Given a totally degenerated abelian variety $A_K$ (to make it easier) over a complete discrete valuation field $K$ with $R$, $\pi$ and $k$ the corresponding discrete valuation ring, uniformiser and residue field. Let $S=\mathrm{Spec}R$ and $S_n=\mathrm{Spec} R/(\pi)^{n+1}$. For any $S$-scheme $V$ we denote the scheme $V\times_S S_n$ as $V_n$.
In particular, $A_K$ has semistable reduction, $A_K$ extends to a semiabelian scheme $G$ over $S=\mathrm{Spec} R$, and the corresponding Raynaud extension is just a torus $T$ over $S$, analytically $A_K=T_K/Y_K$, and we have a pairing $Y_K\times X_K\rightarrow \mathbb{G}_{m,K}$, where $Y_K$ is the periods lattice and $X$ is the character group of $T$. Moreover, we assume both $X$ and $Y$ (the character group of the Raynaud extension associated to the dual abelian variety $A_K^{\vee}$ which gives $Y_K$) are free $\mathbb{Z}$-modules.
Starting from this, we can construction lots of projective models of $A_K$ by using Mumford's construction, see Mumford compositio 1972, Faltings-Chai's book, the 1999 Tohoku paper of Aleexev and Nakamura. Given a nice (being nice see [Mum1973]section 6) $Y_K$-invariant polyhedral decomposition $\Sigma$ of the affine space $E=\mathrm{Hom}(X,\mathbb{Q})$, we can construct a projective model $P_{\Sigma}$ of $A_K$ and cut out the semiabelian scheme $G$ from $P_{\Sigma}$. Over $S_n$ we have group action $G_n\times_{S_n} P_{\Sigma,n}\rightarrow P_{\Sigma,n}$.
Now the question is: could we have an action of $G$ on $P_{\Sigma}$ which extends the group operation on $G$ and the actions on the infinitesimal fibres? It seems to me in Aleexev's 2002 Annals paper, the answer is yes, at least for certain canonical models obtained from a given theta divisor of some ample line bundle (since $A_K$ extends to a stable semiabelic scheme over $S$ once you are given a ample line bundle on $A_K$, and being a stable semiabelic scheme implies you have an action on the model, see Theorem 5.7.1 case 2 in that paper), but I couldn't find a concrete argument for this in the paper.

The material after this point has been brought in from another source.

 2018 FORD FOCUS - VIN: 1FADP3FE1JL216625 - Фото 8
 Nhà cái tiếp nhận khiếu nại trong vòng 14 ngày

Could anyone help me point out where the hidden argument is? Or give me some other reference. I know in dimension $1$ case, the paper by Deligne and Rapoport describes this action in order to define generalised elliptic curves via a different approach (using $\mathrm{Pic}^0$), but seems not easy to generalise to hight dimensional case.